I had a doctor's appointment in Newcastle yesterday so Mick took the opportunity to go for a swim at the Newcastle Ocean Baths. I love the very idea of ocean baths and this is a particularly fab Art Deco affair that has recently had a facelift, or at least a fresh coat of paint:
The baths themselves are lovely to swim in and wisely divided into a lap pool and large, square, do-what-you-want pool. Given the generally older crowd, the latter is usually sedate.

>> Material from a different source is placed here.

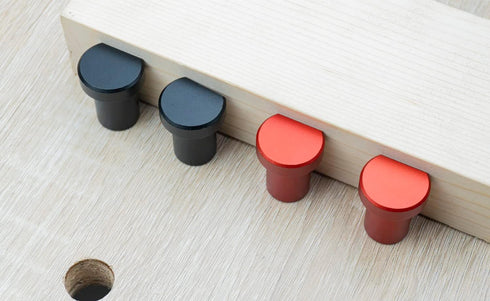 4Pack Bench Dogs, Bench Dog Clamp Accessories for 3/4 Inch Woodworking Dog Hole Clamp Workbench Stoppers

It's advisable, however, to know when they're being cleaned, otherwise you're greeted by this:
Beside the baths on the northern end is a strange little structure, which I presume is a sort of pump-house but almost looks like a downsized nuclear bunker. Cute but sinister:
It's a ridiculous notion, but then I found this online:
On the night of 7 June 1942, a shell from a Japanese submarine shattered against the sea wall just north of the Newcastle Ocean Baths, apparently in an attempt to put a search light there out of action. Within 15 minutes, the submarine fired eight star shells and 26 high explosive shells before breaking off and submerging under fire from Fort Scratchley. No-one was killed.
Goodness!
One disquieting thing about swimming in Newcastle – at the baths or any of the beaches – is the ever-present queue of tankers on the horizon. It's a maritime traffic jam that seemingly has no end.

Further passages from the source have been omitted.